We've been experiencing errors with lib/pq that eventually results in a state where no database connections in the pool are free. Max connections as set by SetMaxOpenConns
is not reached.
The errors normally start with db.Prepare
:
Could not prepare statement: pq: unexpected describe rows response: '3'
We also see the unexpected response 'C'. These develop into multiple occurrences of
sql: statement expects 0 inputs; got 4
and similar errors on statements that have previously been prepared with no errors.
To reiterate, we don't query any prepared statements that returned errors from Prepare
. These errors are returned from queries on successfully prepared statements.
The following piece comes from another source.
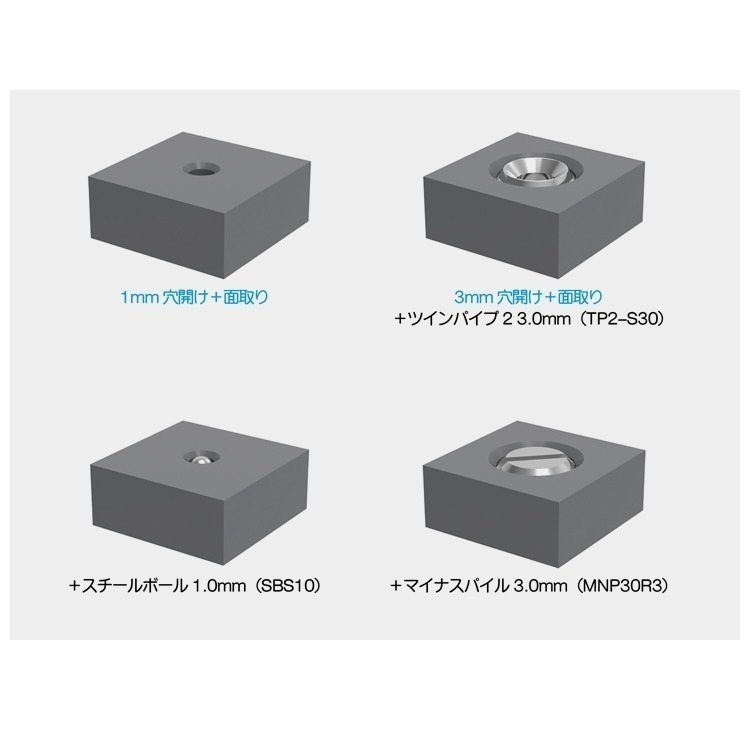 【Max模型小站】懶懶同學 倒角球形鑽 丸形 圓孔倒角器 擴孔鑽-細節圖3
Then, we see occurrences of failures of Begin
:
Could not start a transaction: pq: unknown response for simple query: '1'
Could not start a transaction: unexpected command tag
Could not start a transaction: pq: unexpected transaction status idle in transaction
The only error in postgres around this time is:
FATAL: invalid frontend message type 90
Which happened around 20s after the initial errors were seen in our application log.
pprof
indicates that all goroutines querying the database were netpolling:
# 0x423886 netpollblock+0xa6 /usr/local/src/go/src/pkg/runtime/netpoll.goc:280
# 0x4231ea net.runtime_pollWait+0x6a /usr/local/src/go/src/pkg/runtime/netpoll.goc:116
# 0x695534 net.(*pollDesc).Wait+0x34 /usr/local/src/go/src/pkg/net/fd_poll_runtime.go:81
# 0x695590 net.(*pollDesc).WaitRead+0x30 /usr/local/src/go/src/pkg/net/fd_poll_runtime.go:86
# 0x696910 net.(*netFD).Read+0x2a0 /usr/local/src/go/src/pkg/net/fd_unix.go:204
# 0x6a5825 net.(*conn).Read+0xc5 /usr/local/src/go/src/pkg/net/net.go:122
# 0x48a1a0 bufio.(*Reader).fill+0x110 /usr/local/src/go/src/pkg/bufio/bufio.go:91
# 0x48a5a4 bufio.(*Reader).Read+0x1a4 /usr/local/src/go/src/pkg/bufio/bufio.go:159
# 0x46f566 io.ReadAtLeast+0xf6 /usr/local/src/go/src/pkg/io/io.go:288
# 0x46f6d1 io.ReadFull+0x71 /usr/local/src/go/src/pkg/io/io.go:306
# 0x4f5f9b github.com/lib/pq.(*conn).recvMessage+0x10b /home/matt/dev/go/src/github.com/lib/pq/conn.go:637
# 0x4f6357 github.com/lib/pq.(*conn).recv1+0x27 /home/matt/dev/go/src/github.com/lib/pq/conn.go:690
# 0x4f5242 github.com/lib/pq.(*conn).prepareToSimpleStmt+0x822 /home/matt/dev/go/src/github.com/lib/pq/conn.go:508
# 0x4f4997 github.com/lib/pq.(*conn).prepareTo+0x87 /home/matt/dev/go/src/github.com/lib/pq/conn.go:486
# 0x4f5670 github.com/lib/pq.(*conn).Prepare+0x120 /home/matt/dev/go/src/github.com/lib/pq/conn.go:539
# 0x4e5199 database/sql.(*driverConn).prepareLocked+0x49 /usr/local/src/go/src/pkg/database/sql/sql.go:250
# 0x4e7ce1 database/sql.(*DB).prepare+0xb1 /usr/local/src/go/src/pkg/database/sql/sql.go:828
# 0x4e7b9c database/sql.(*DB).Prepare+0x5c /usr/local/src/go/src/pkg/database/sql/sql.go:808
In a separate instance of unresponsiveness, all the goroutines were waiting on mutexes, e.g.:
# 0x4241d0 sync.runtime_Semacquire+0x30 /usr/local/src/go/src/pkg/runtime/sema.goc:199
# 0x47f136 sync.(*Mutex).Lock+0xd6 /usr/local/src/go/src/pkg/sync/mutex.go:66
# 0x4e6dd2 database/sql.(*DB).conn+0x42 /usr/local/src/go/src/pkg/database/sql/sql.go:616
# 0x4e7c82 database/sql.(*DB).prepare+0x32 /usr/local/src/go/src/pkg/database/sql/sql.go:823
# 0x4e7bbc database/sql.(*DB).Prepare+0x5c /usr/local/src/go/src/pkg/database/sql/sql.go:808
The logged errors weren't present in that case, so these could be two totally different problems.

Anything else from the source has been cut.